The modern law, in the case of contracts of all types, may be summarised as follows. Time will not be considered to be of the essence unless : (1) the parties expressly stipulate that conditions as to time must be strictly complied with; or (2) the nature of the subject matter of the contract or the surrounding circumstances show that time should be considered to be of the essence; or (3) a party who has been subjected to unreasonable delay gives notice to the party in default making time of the essence.
Bombay High Court
Basf India Ltd vs Landcom Properties Pvt. Ltd on 30 June, 2010
Bench: R. S. Dalvi
Citation;2010(6)MHLJ681
1.The parties entered into an Agreement dated 5.3.2002 under which the Respondent had to develop and let out to the Petitioner on leave and licence basis a premises of upto 40,000 sq. ft. The leave and licence agreement was to be from 1.8.2002. Under Clause 8 of the said agreement, the Respondent was to hand over possession of the premises to the Petitioner on 1.6.2002. Under Clause 9 of the said agreement, the possession was to be handed over upon the construction duly completed in all respects on 25.7.2002. Several facilities and services were to be provided as mentioned in the said agreement. Under Clause 30 of the said agreement, the Respondent was to pay the Petitioner penalty charges as compensation, if there was any delay in handing over possession beyond 25.7.2002. Under Clause 31 of the said agreement, time was made of the essence. If, however, the Respondent did not perform the covenants as stipulated in the agreement, it was to pay penalty of Rs.2 Crores to ig the Petitioner for the non-
performance of the covenants. This included not obtaining the requisite municipal approvals on or before 10.6.2002. The Respondent was also to give a Bank Guarantee and a corporate guarantee of Rs.1 Crore each. It was to be valid until 1.12.2002. The Petitioner agreed to refer its disputes to arbitration under Clause 36 of the said agreement.

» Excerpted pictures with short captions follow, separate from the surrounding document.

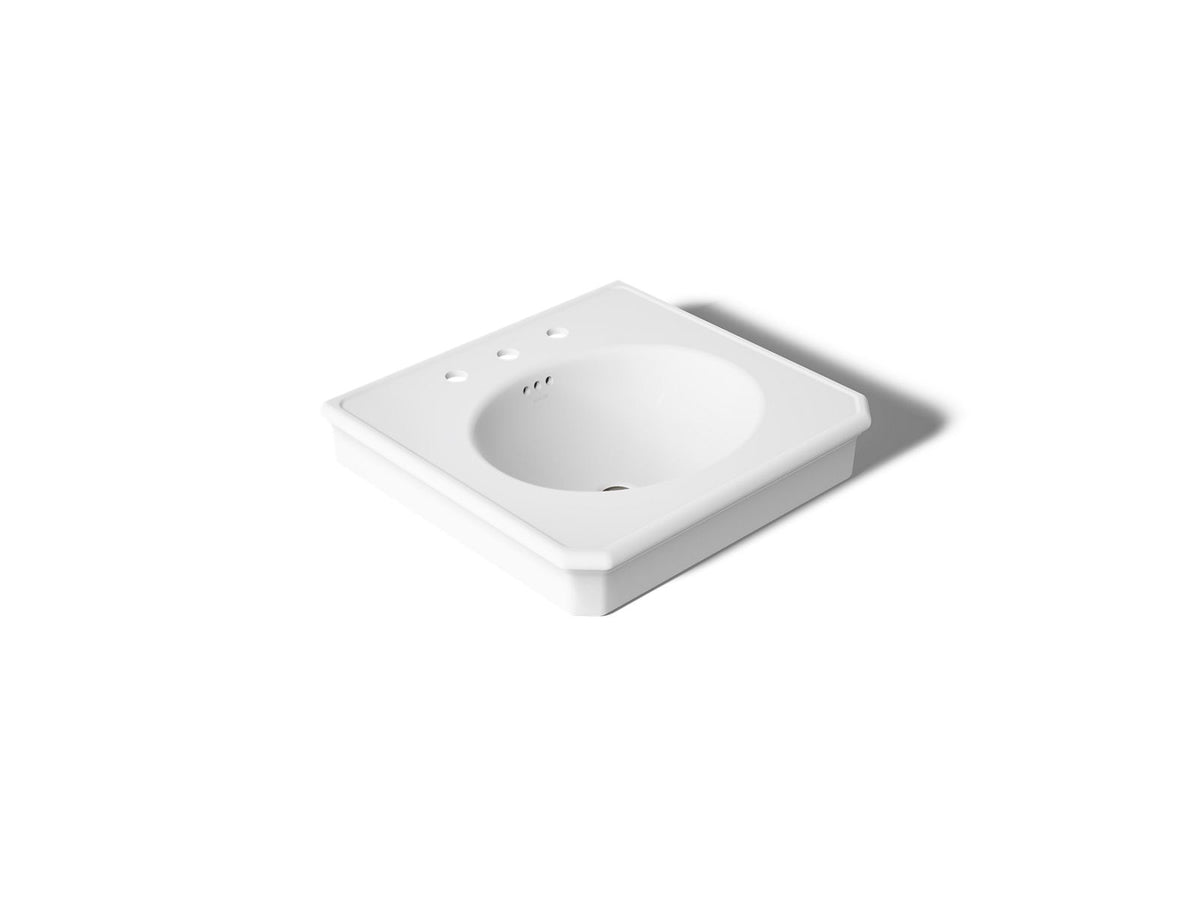 KOHLER K-38224-8-0 Claude By Studio Mcgee 24" Rectangular Pedestal/Console Table Bathroom Sink - White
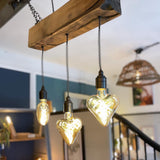 Triple Heartwood Elegance Oak Chandelier - Three-Bulb Ceiling Cluster Pendant Light - Reclaimed Oak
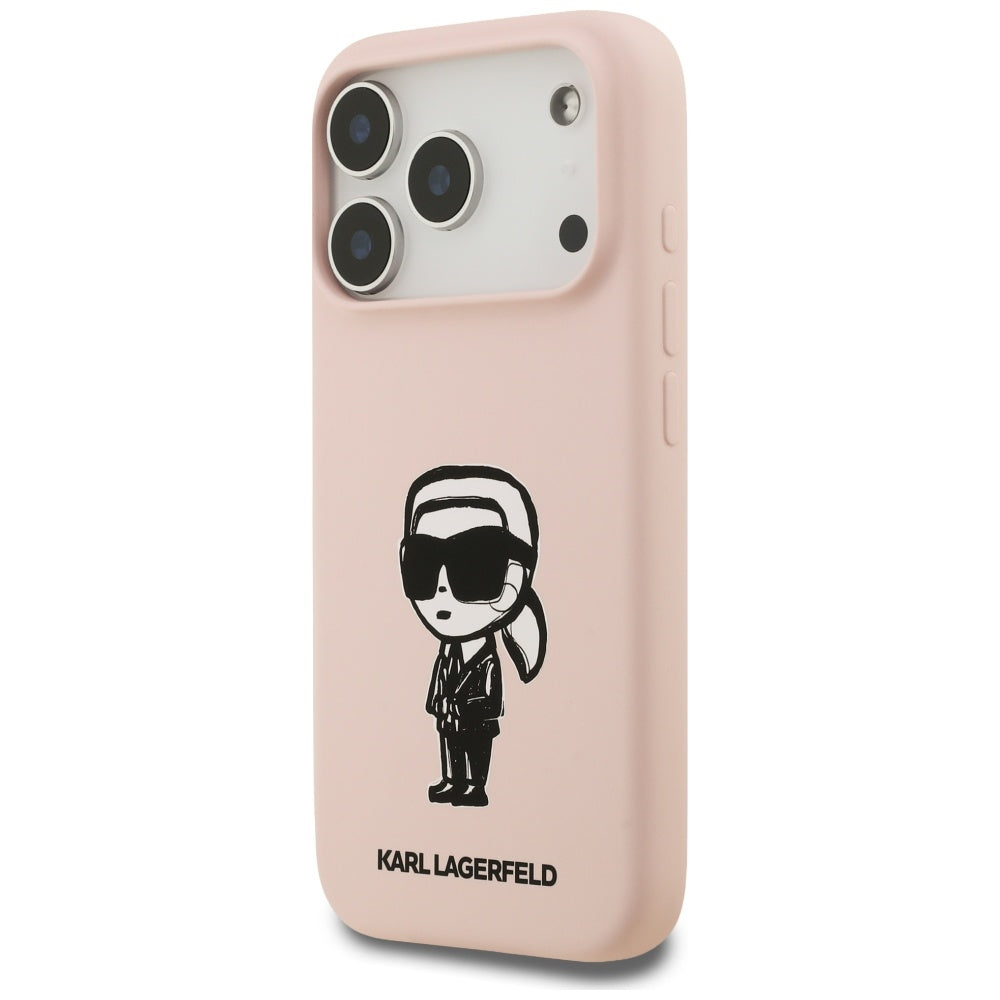 Калъф за Apple iPhone 17 Pro, Karl Lagerfeld, Sketch and Logo Karl, Розов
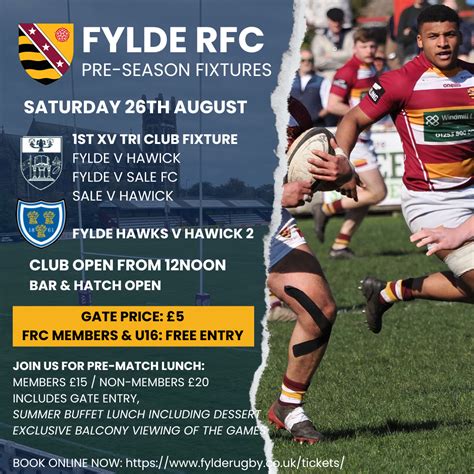 Fylde V Sale FC V Hawick Pre Season On 26th Aug Fylde Rugby Club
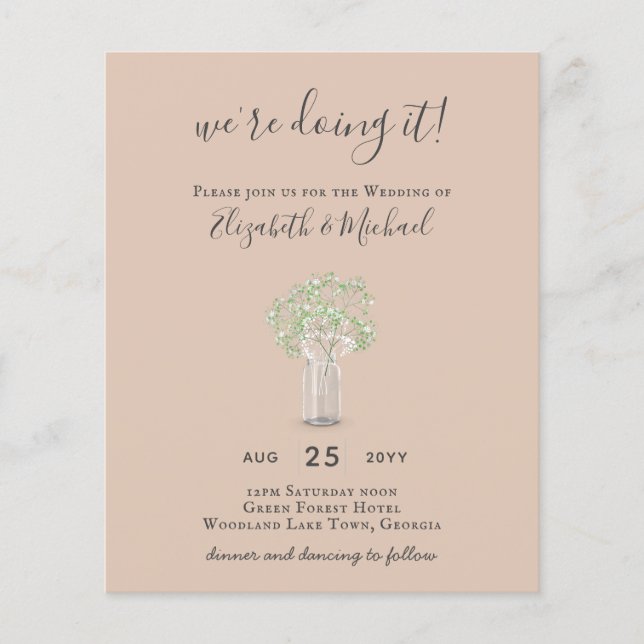 BUDGET Gypsophila Mason Jar Modern Minimal WEDDING Flyer (Front)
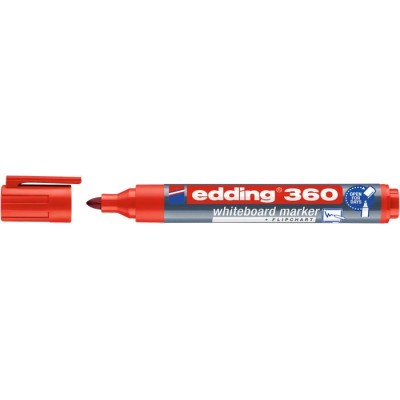 Tábla- és flipchart marker, 1,5-3 mm, kúpos, EDDING "360", piros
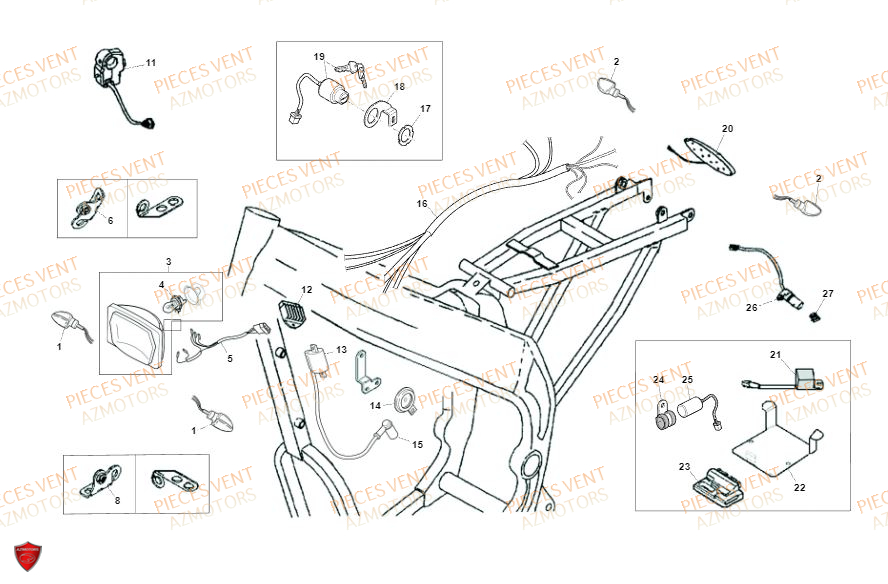 Systeme Electrique VENT Pièces Vent Enduro BAJA 50cc - 2019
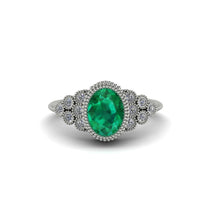 Diamond Milgrain Beaded Bezel Engagement Ring - Stacy No. 6 image 1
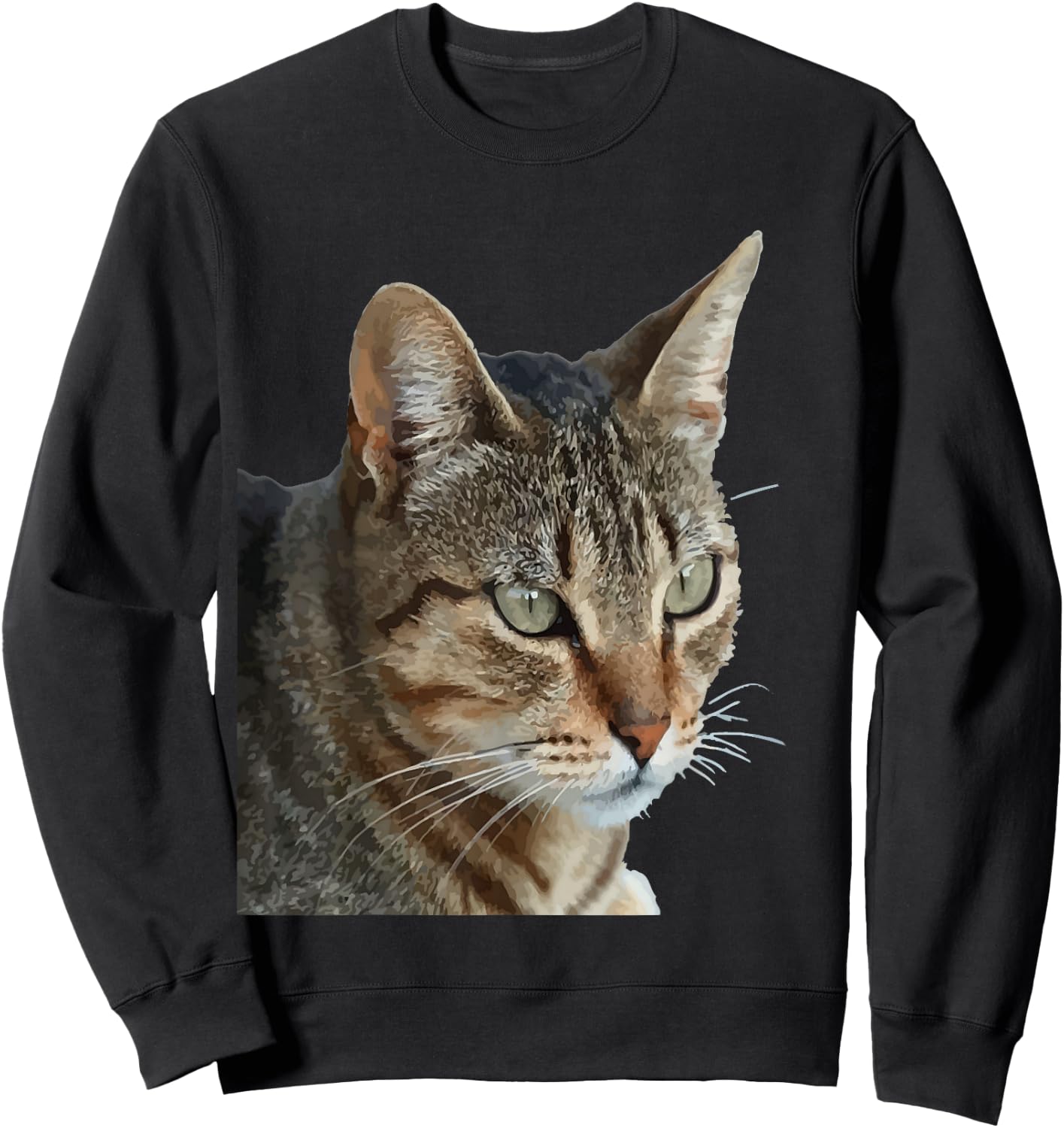 Stunning Tabby Cat Close Up Portrait Vector Sweatshirt - Sweatshirt | Black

2.The Petitioner was to be provided this accommodation since its own tenanted premises were handed over to its landlord and the Petitioner required an alternate premises for its business.
3.A reading of the aforesaid agreement shows that it is a composite agreement to develop the premises which were to be acquired by the Respondent for such development and then to hand it over to the Petitioner under a licence for 8 years. The agreement further shows that the dates for handing over possession mentioned in Clauses 8 and 9 are different, being 1.6.2002 and 25.7.2002. The agreement further provides payment of penalty charges for an alternative premises to be obtained on rent till the Petitioner can move in the agreed premises including the cost of shifting and the amenity charges payable to the Petitioner specified in Clause 30 as well as a penalty of Rs.2 Crores specified in Clause 31 in the event of delay in handing over possession and non-performance of the covenants in the agreement, respectively. The dates for giving the Bank Guarantee as well as corporate guarantee are not specified in the agreement. Hence, though time was stated to be of the essence, there are specific stipulations with regard to the Petitioner being compensated in case of delay in handing over possession and for one of the acts no time limit was specified.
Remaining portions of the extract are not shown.